Es decir, una paradoja que consiste en que cuanto cada vez más, cada vez da para menos. Desde muy antiguo está demostrado que detrás de cada intervención en la economía, se hace necesaria otra y otra más, hasta la muerte del sistema por asfixia. Cada intervención reclama una estructura burocrática cuya influencia crea distorsiones y nuevas medidas, desbordamiento de los gastos inicialmente previstos y así indefinidamente.

Cabría preguntarse dónde están los límites éticos que tiene poder para decidir sobre los bienes privados y si no existen tales límites, al albur de pasajeras mayorías parlamentarias, si no deberían establecerse constitucionalmente. Garantizar la propiedad privada en una ley fundamental si la misma concede a la vez capacidades ilimitadas a legislativo y ejecutivo para disponer de los bienes privados, transmuta en trampantojo.

Desigualdad, justicia social, sanidad, educación, ecología, inclusión… Una constelación semántica con la que acotar las conciencias en un gulag conceptual fuera del que sólo habitan el egoísmo y la inhumanidad. Fuera del gulag se sitúa el territorio en el que habita la disidencia, un intolerable contrasentido impropio de un país que se llama democrático. Nada ni nadie explica antes o después el resultado práctico del expolio que dice atender a los elevados objetivos con los que la exacción se justifica.

Quienes obligan al sacrificio de todos jamás comparecen a poner números concretos a los proyectos de mejora colectiva y menos aún a demostrar en detalle cómo se han plasmado tales planes. Ya vendrán después los datos macroeconómicos, el PIB y los modelos teóricos de oferta y demanda agregada para decirnos que hemos experimentado un “crecimiento negativo”, oxímoron que usado con insufrible cinismo excusa usurpa el lugar que deberían ocupar palabras como ruina o empobrecimiento.

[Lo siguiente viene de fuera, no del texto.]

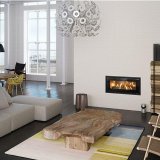 Rais 900 Insert Wood Burning Fire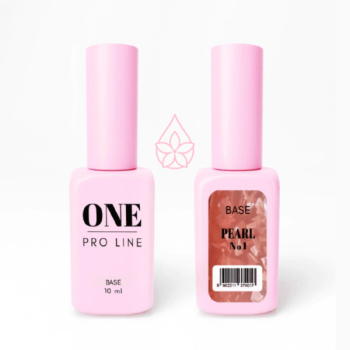 База ONE BASE PEARL 1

La libertad es imposible sin libertad económica y en la medida en que ésta última se constriñe la libertad individual desaparece. El Estado, convertido indefectiblemente en cruda expresión de poder, está en camino de ser un fin en sí mismo y tiende por ello a buscar sus propios fines, el primero el de su supervivencia.

Su hipertrofia hace crecer sus necesidades de financiación y en esa misma medida va drenando los recursos de quienes se ven obligados a sostenerlo. Con tal deriva, es la existencia material de las personas la que camina hacia la insostenibilidad, lo que, por la inercia de las cosas, no librará al estado de igual misma suerte ya que él mismo destruirá las fuentes de sus recursos. Y una vez más se demuestra qué gran idea es el socialismo.